The skill parses coding sequences into triplet codons and tallies occurrences with Counter. It uses Biopython's CodonAdaptationIndex to train or apply host codon indices and calculates CAI scores. Synonymous bias is assessed by computing RSCU per codon and effective number of codons (Nc). GC content by codon position is computed with GC123.

When to use it

  • Assess how well a gene is adapted to a target host for heterologous expression
  • Compare codon usage between species, strains, or gene sets
  • Detect selection or mutational bias via RSCU and Nc metrics
  • Identify rare codons that may hinder translation or folding
  • Generate optimized coding sequences using host-preferred synonymous codons

Best practices

  • Ensure input sequences are true CDS in the correct reading frame and a multiple of three
  • Train CAI with a representative set of highly expressed reference genes from the target organism
  • Handle nonstandard or N-containing codons explicitly to avoid KeyError during table lookups
  • Report both per-codon frequencies and amino-acid–grouped summaries (RSCU) for interpretation
  • Validate optimized sequences for regulatory motifs, restriction sites, and secondary structure after codon changes

Example use cases

  • Compute codon frequency and RSCU for a viral gene to study host adaptation
  • Train a CAI index from an E. coli high-expression dataset and score recombinant constructs
  • Find rare codons in a human transgene before designing a codon-optimized version for yeast
  • Compare GC3 and Nc across orthologs to infer selection on synonymous sites
  • Produce an expression-optimized CDS by mapping each amino acid to the host preferred codon

FAQ

Do I need a reference set to compute CAI?

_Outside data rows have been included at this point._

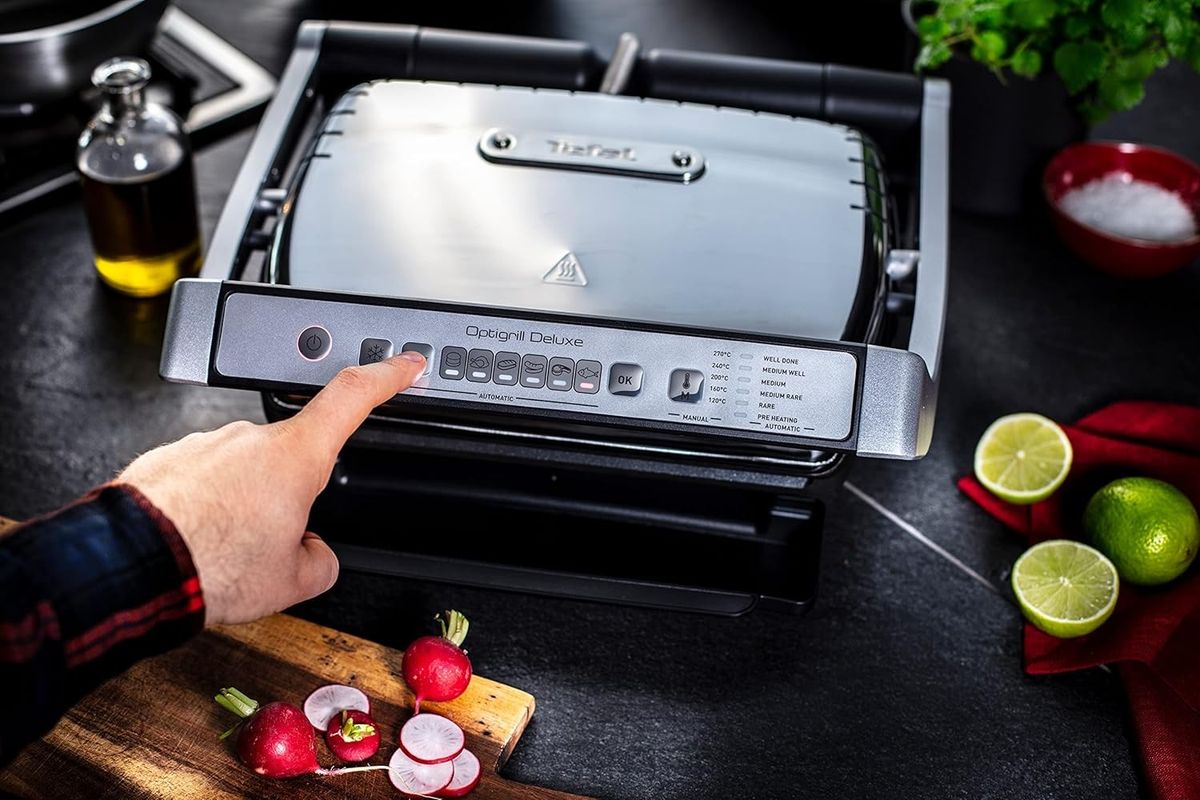 Grilis Tefal GC707D Grilis Tefal GC707D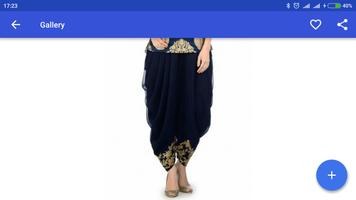 Dhoti Palazzo Tulip Design ảnh chụp màn hình 3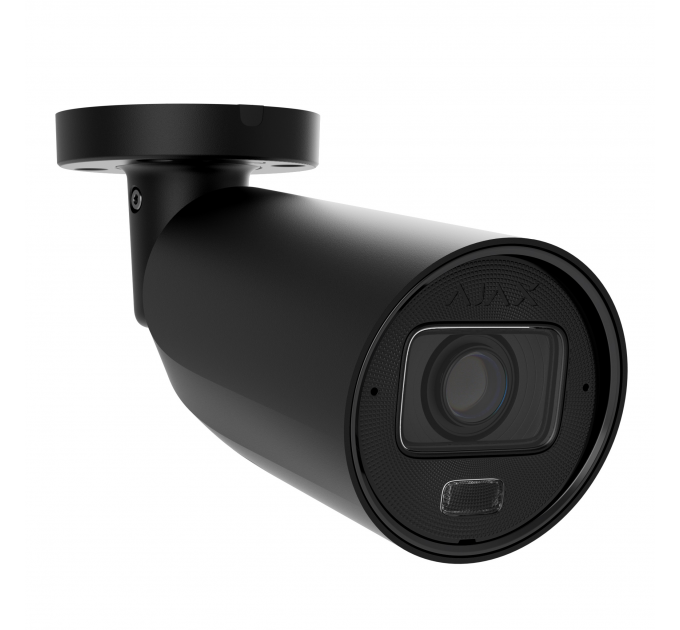 Проводная IP-камера видеонаблюдения Ajax BulletCam HLVF (8 Mp) Black (126278.217.BL1)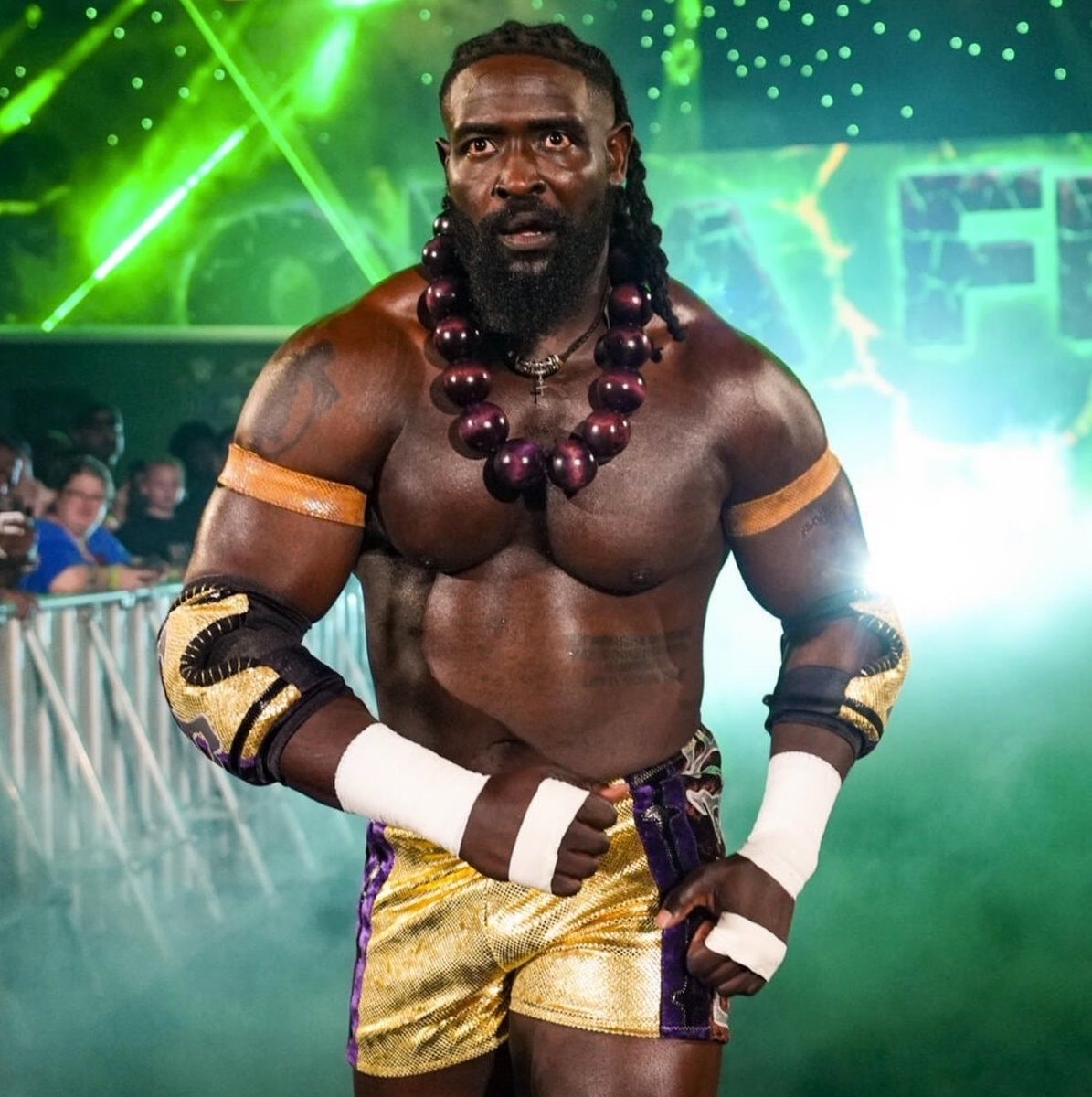 Oba Femi Roman Reigns WrestleMania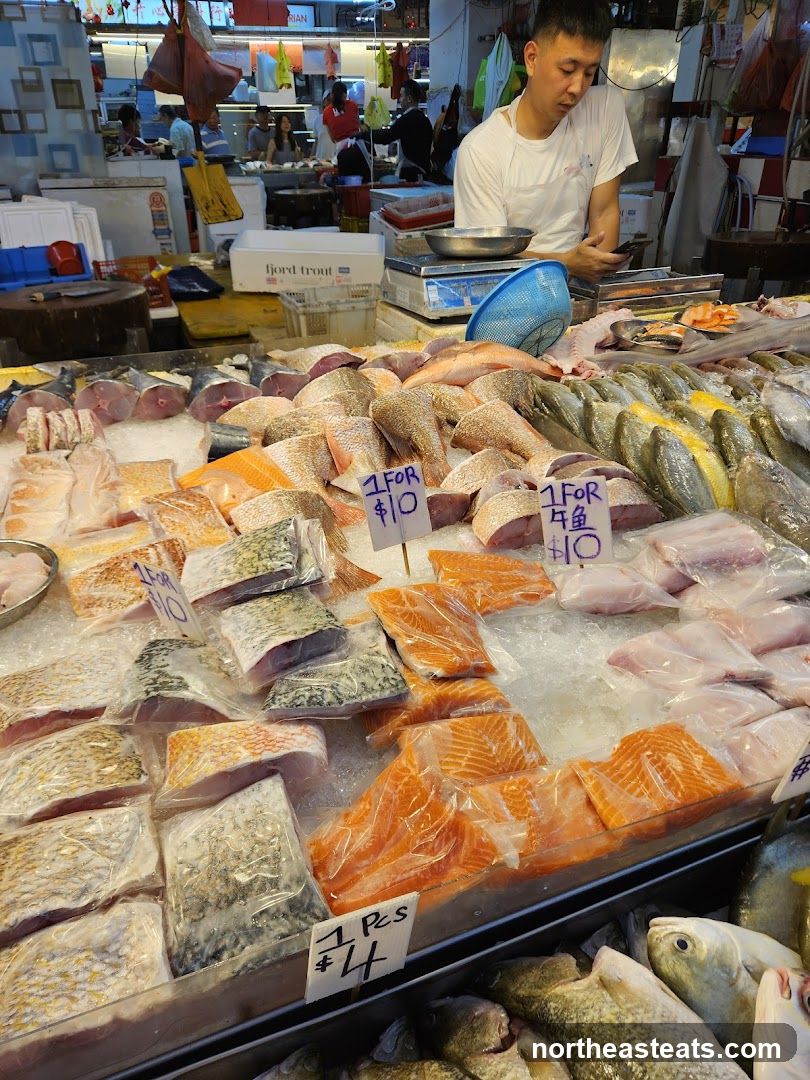 Fish Market Stall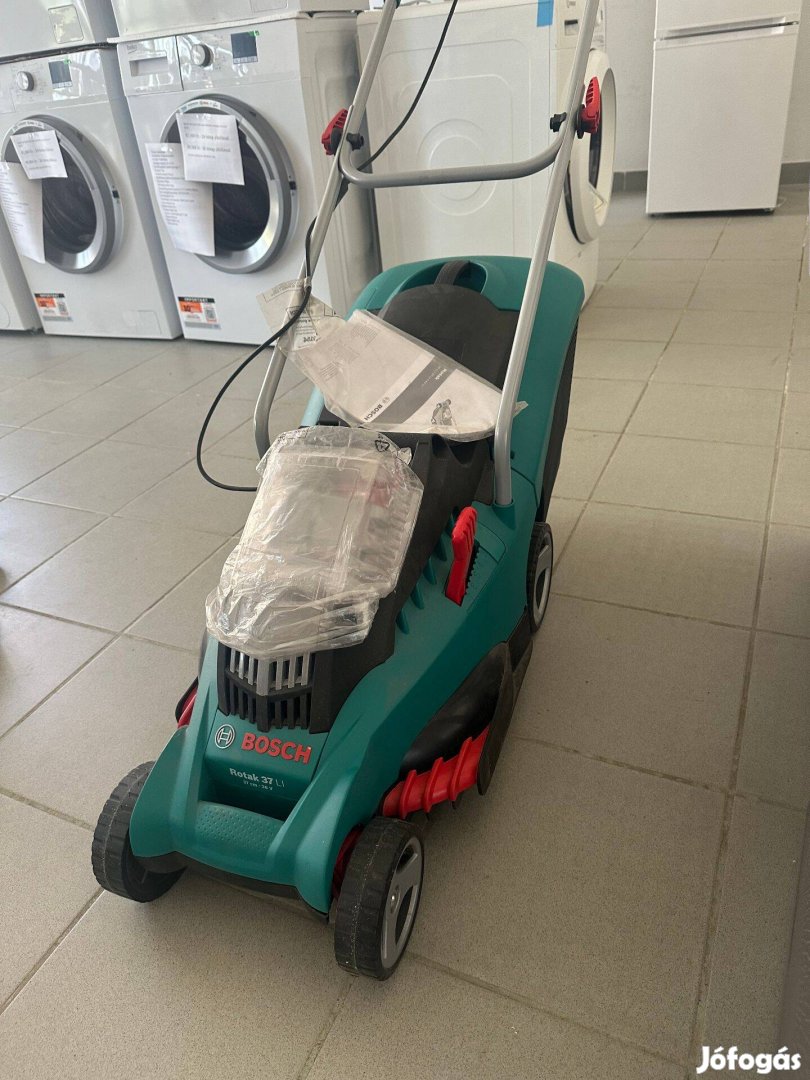 Bosch Rotak 37 Li, bemutató darab, akkumulátoros fűnyíró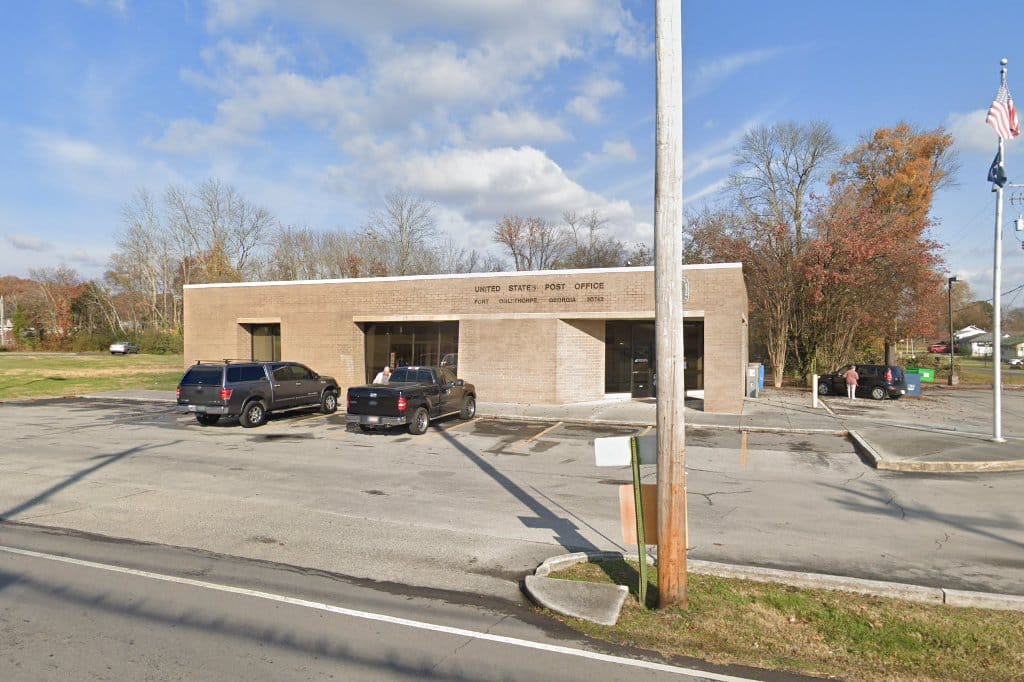 Fort Oglethorpe Passport Office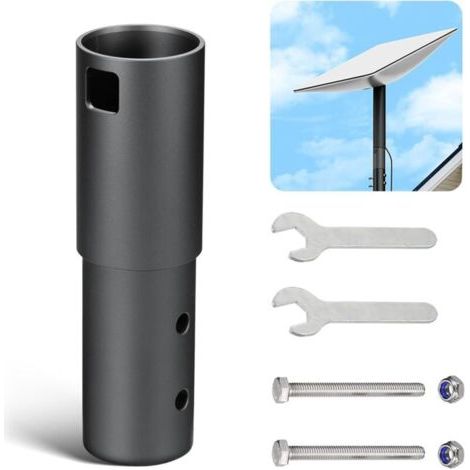 Adaptateur support métallique Gen2 V2 en aluminium - Support de signalisation nouvelle génération (1/5)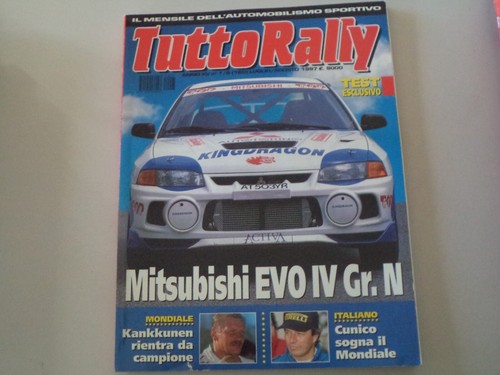 Tuttorally 1997 mitsubishi - 7-8/1997,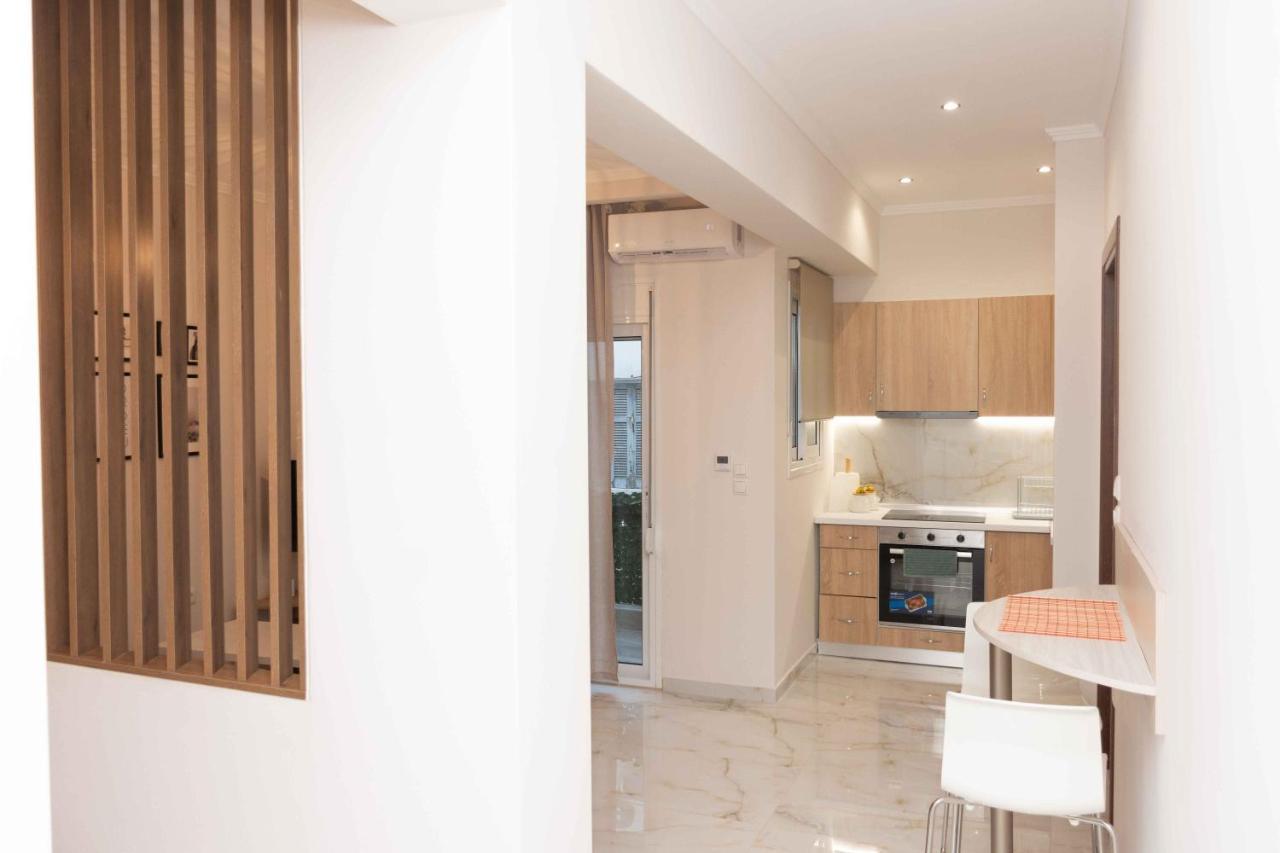 Olga'S Luxury Apartment-Thessaloniki Centre Luaran gambar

Yes. CAI requires a codon index derived from highly expressed genes in the target host; generate it with generate_index() or supply a custom index.

What does RSCU tell me that simple codon frequency does not?

RSCU normalizes codon counts by the number of synonymous codons for each amino acid, revealing relative over- or underuse independent of amino acid composition.